====== Material to process

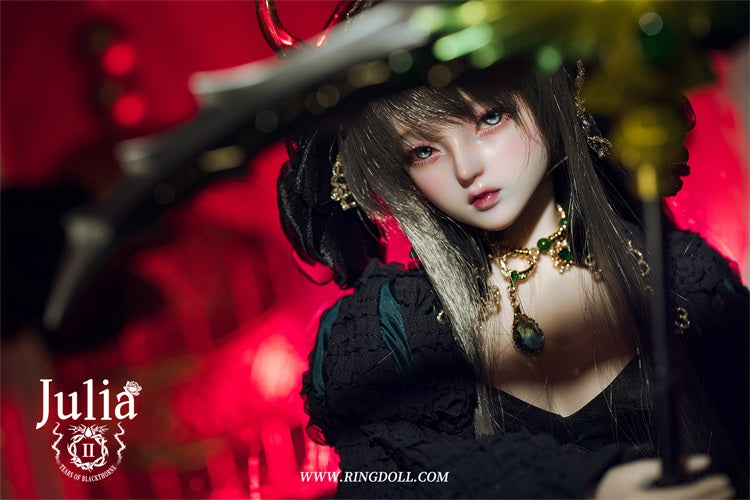 JULIA 2.0 DARK | PREORDER | DOLL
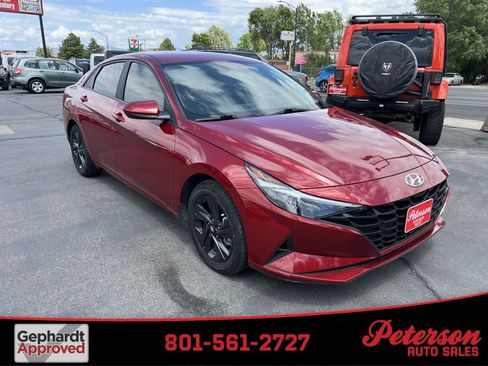Used 2023 Hyundai Elantra SEL FWD image 1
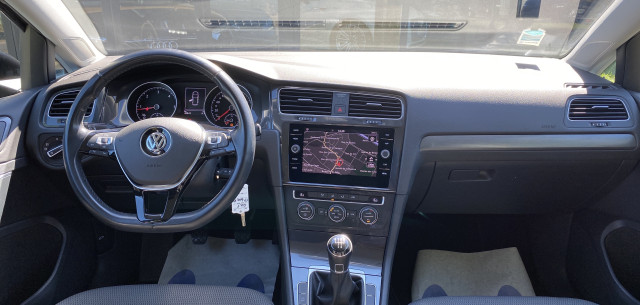 Volkswagen Volkswagen Golf VII 1.6 TDI 115ch BlueMotion Technology FAP Confortline Business 5p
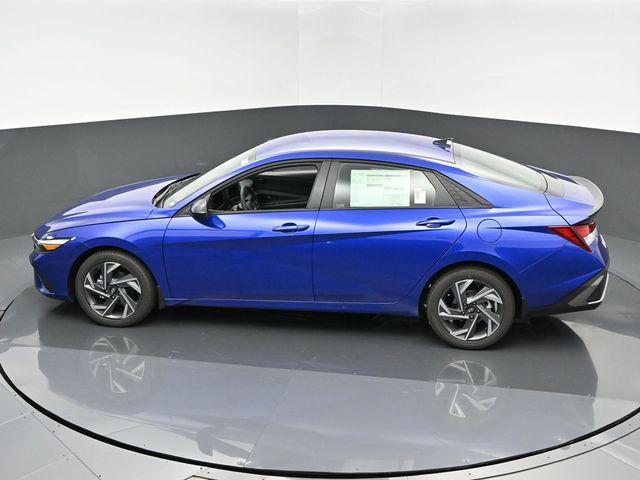 new 2025 Hyundai Elantra car, priced at $24,690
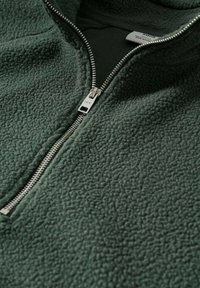 Mango Suéter de forro polar - dark green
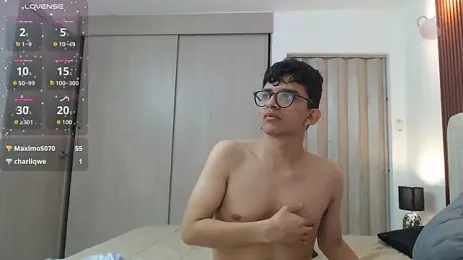 Slendy_club webcam stripchat model stream image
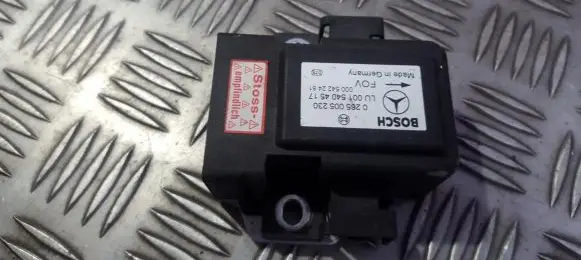 Mercedes-Benz E W210 ESP acceleration yaw rate sensor 0265005230 0005422481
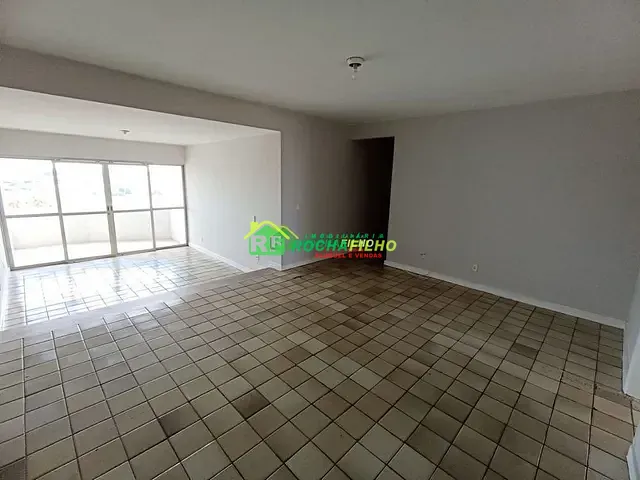 Apartamento 5 quartos e 3 banheiros, à venda, no bairro Frei Serafim em Teresina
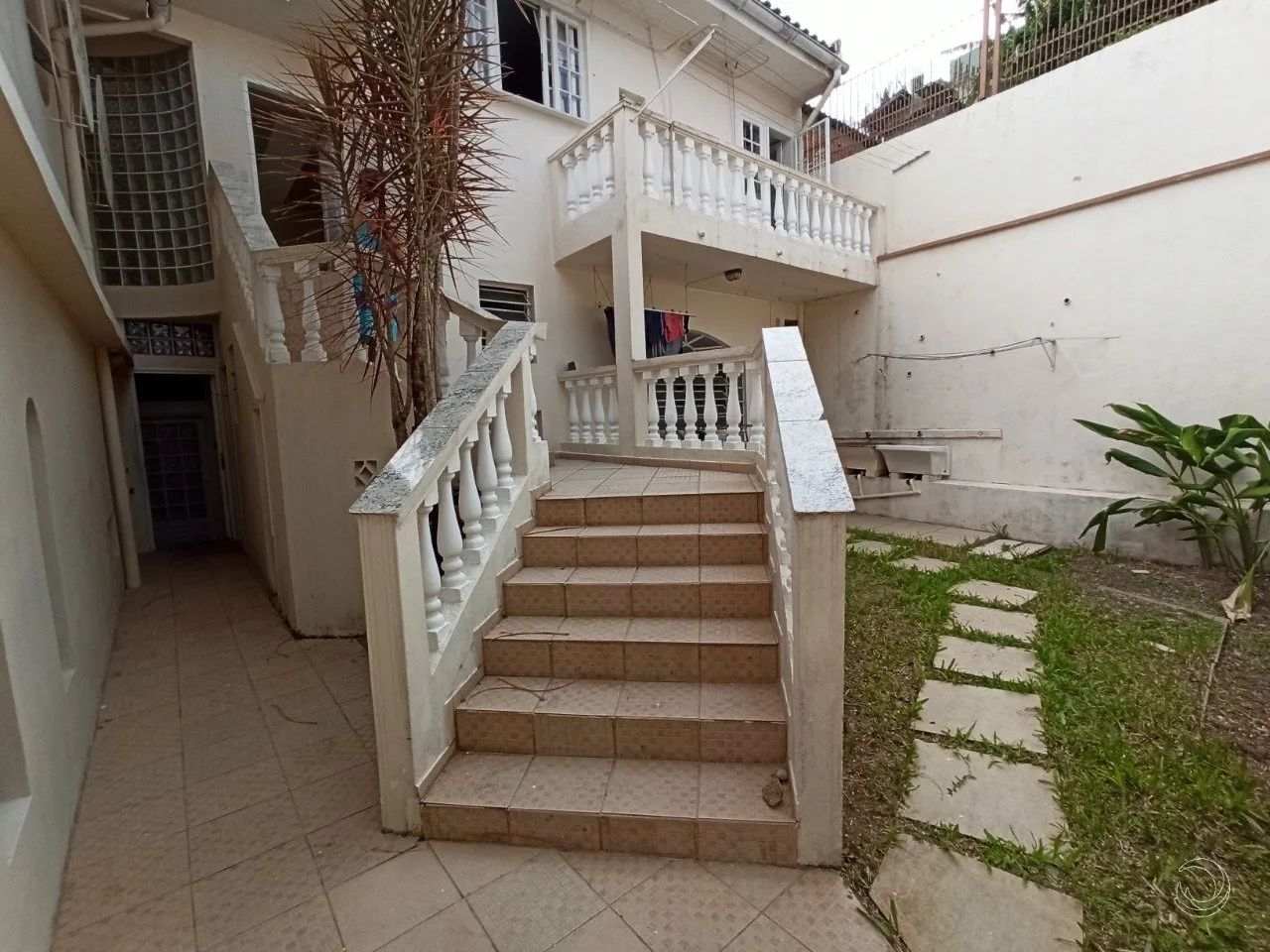 Casa com 270m² e 10 quartos sendo 2 suítes no Pantanal - Foto 2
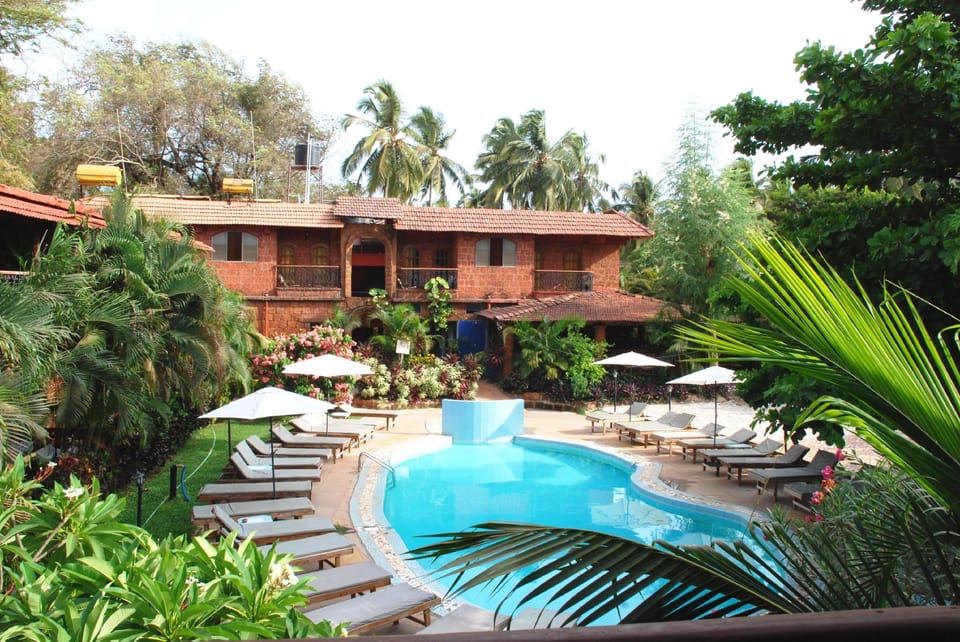 Sea Breeze Candolim Hotel Resort in Candolim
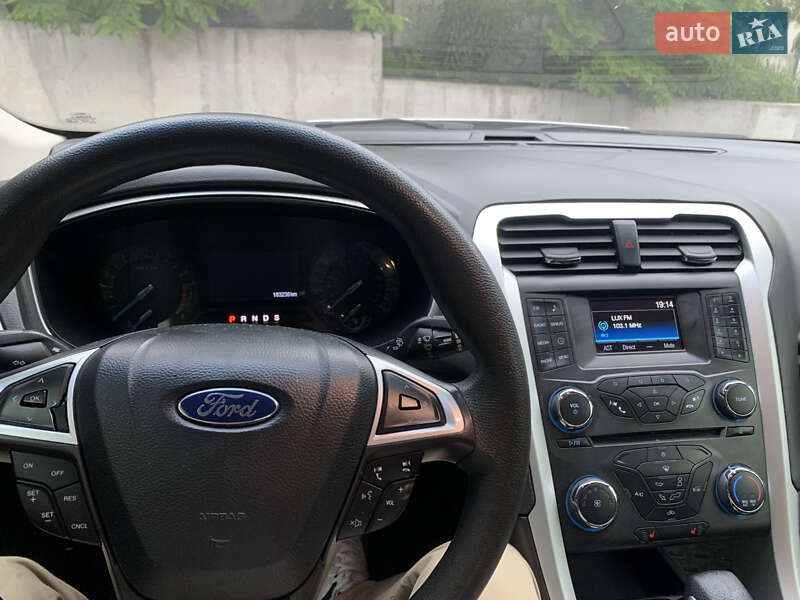 Седан Ford Fusion 2015 в Городку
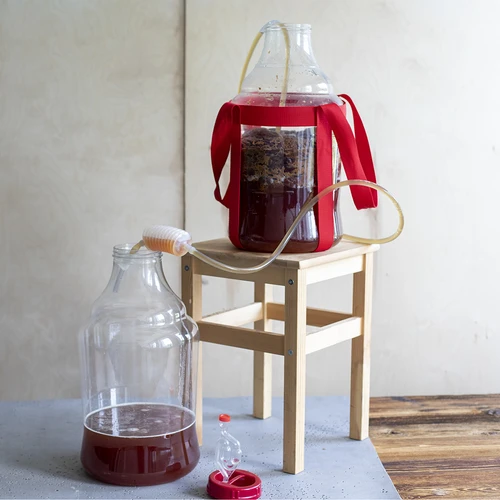 Kevyt, särkymätön viinipullo hihnoilla, 15 L - 15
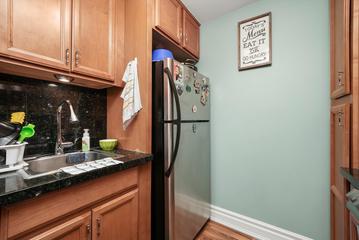 12B Kingery Quarter #207, Willowbrook, IL 60527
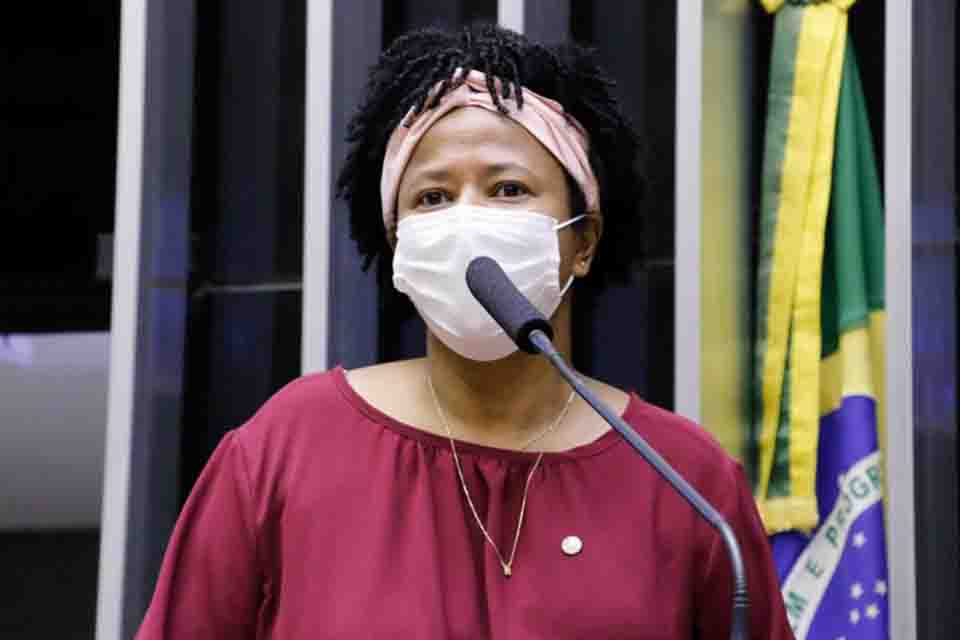 Deputada Silvia Cristina informa que no dia 3 de dezembro será inaugurado o primeiro Centro de Prevenção e Diagnóstico de Câncer de Rondônia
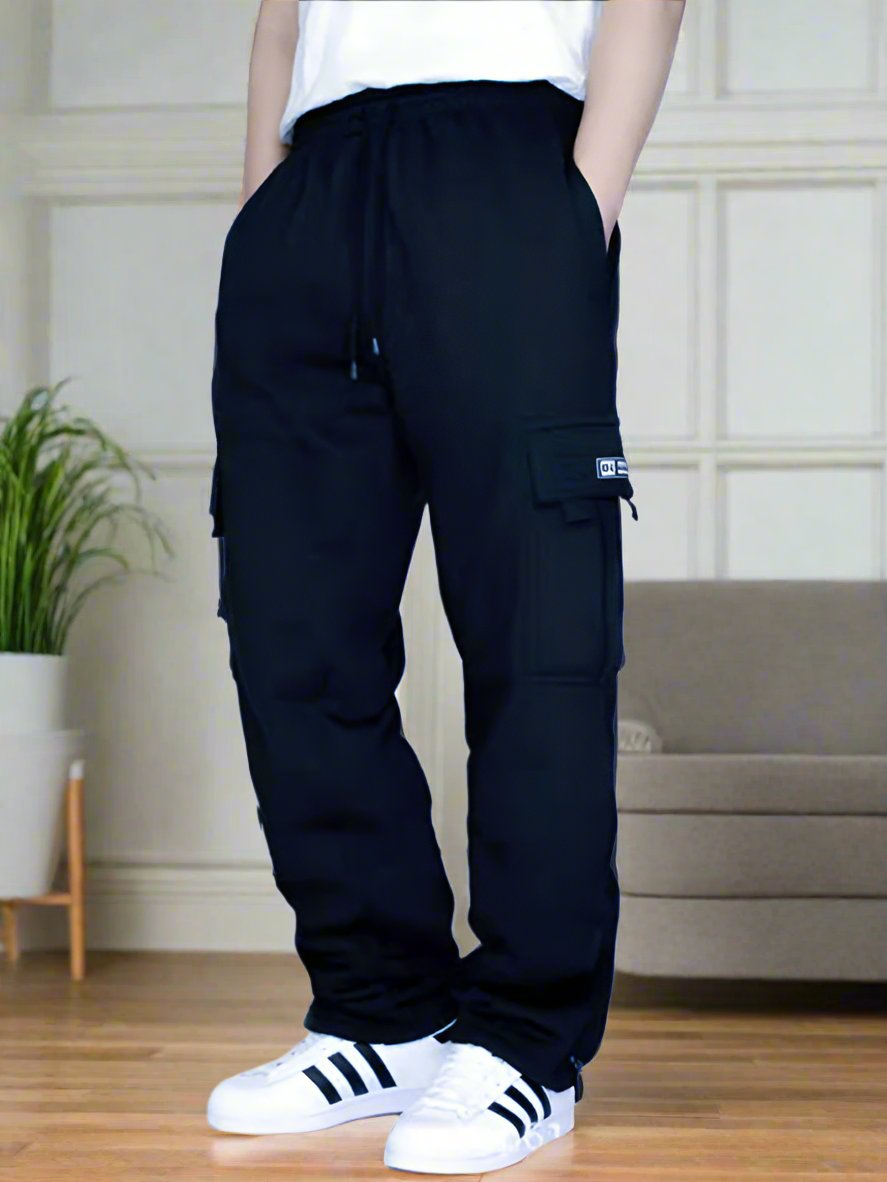 Made of 100% Polyester for a durable and comfortable wear, these loose jogging pants are perfect for sports and leisure activities. Featuring multiple pockets and a tether design, these pants combine functionality and style, making them a standout choice for men. Pair these pants with a simple t-shirt and sneakers for a casual and trendy look that is perfect for everyday wear. Suitable for a variety of occasions, these joggers can be worn for outdoor activities, sports, or just hanging out with friends. Des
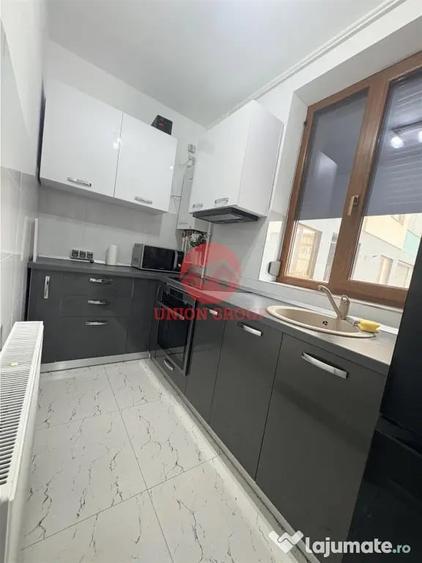 Apartament cu 2 camere semidecomandat în Tomis Nord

============

▸ Task brief
Print the records above exactly as they stand, but leave out the pictures.

▸ Reply
 JULIA 2.0 DARK | PREORDER | DOLL
Used 2023 Hyundai Elantra SEL FWD image 1
 Volkswagen Volkswagen Golf VII 1.6 TDI 115ch BlueMotion Technology FAP Confortline Business 5p
 new 2025 Hyundai Elantra car, priced at $24,690
 Mango Suéter de forro polar - dark green
 Slendy_club webcam stripchat model stream image
 Mercedes-Benz E W210 ESP acceleration yaw rate sensor 0265005230 0005422481
 Apartamento 5 quartos e 3 banheiros, à venda, no bairro Frei Serafim em Teresina
 Casa com 270m² e 10 quartos sendo 2 suítes no Pantanal - Foto 2
 Sea Breeze Candolim Hotel Resort in Candolim
 Седан Ford Fusion 2015 в Городку
 Kevyt, särkymätön viinipullo hihnoilla, 15 L - 15
 12B Kingery Quarter #207, Willowbrook, IL 60527
 Deputada Silvia Cristina informa que no dia 3 de dezembro será inaugurado o primeiro Centro de Prevenção e Diagnóstico de Câncer de Rondônia
 Made of 100% Polyester for a durable and comfortable wear, these loose jogging pants are perfect for sports and leisure activities. Featuring multiple pockets and a tether design, these pants combine functionality and style, making them a standout choice for men. Pair these pants with a simple t-shirt and sneakers for a casual and trendy look that is perfect for everyday wear. Suitable for a variety of occasions, these joggers can be worn for outdoor activities, sports, or just hanging out with friends. Des
 Apartament cu 2 camere semidecomandat în Tomis Nord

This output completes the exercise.